Une situation financière toujours tendue. Sciences Po a emprunté plus de 160 millions d’euros pour acquérir – pour seulement 87 millions d’euros, loin du prix du marché – et rénover son nouveau campus rue Saint-Thomas dont tout le monde souligne à la fois la qualité et… le coût. « Ici nous sommes propriétaires alors que nous louions une dizaine de sites pour un coût de 7 millions d’euros par an quand aujourd’hui nous déboursons 8 millions d’euros. C’est donc un investissement vertueux pour nous de nous installer ici », répond Mathias Vicherat, qui entend aujourd’hui « aller plus loin dans la recherche de financements publics et privés ». Alors que Sciences Po n’est plus partenaire de Total – la chaire n’a pas été renouvelée d’un « commun accord » – un comité des dons a été créé pour les valider. « Nous n’allons pas pour autant faire une chasse aux sorcières des mécènes, notamment sur les banques qui ont de multiples financements. De plus il est clair que les mécènes ne peuvent pas intervenir dans les projets », résume Mathias Vicherat.

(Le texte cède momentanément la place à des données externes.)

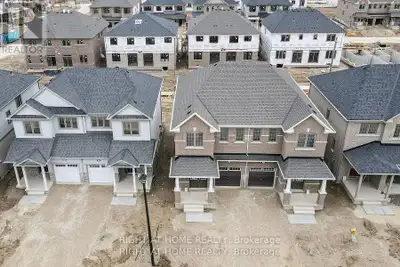 TRIBUTE COMMUNITY STORYBOOK SEMI DETACHED WITH 4 BEDROOMS AND 3 WASHROOMS. ALL BRICK EXTERIOR. ONE O...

De plus un véritable effort va être fait sur les dépenses. « Nous sommes dans une situation budgétaire qui a toujours été tendue. Il n’est donc pas question de revenir à la situation pré-Covid avec de nombreux déplacements par exemple », établit le directeur en soulignant que la « part du financement de l’Etat est passée des deux tiers à un tiers en 20 ans avec une dotation de 5 100€ par an et par étudiant ».

Dans ce cadre la question de la pérennité des campus décentralisés dépend de la capacité des acteurs locaux à tenir leurs engagements financiers. « Aujourd’hui aucun projet de déménagement n’est prévu », assure le directeur.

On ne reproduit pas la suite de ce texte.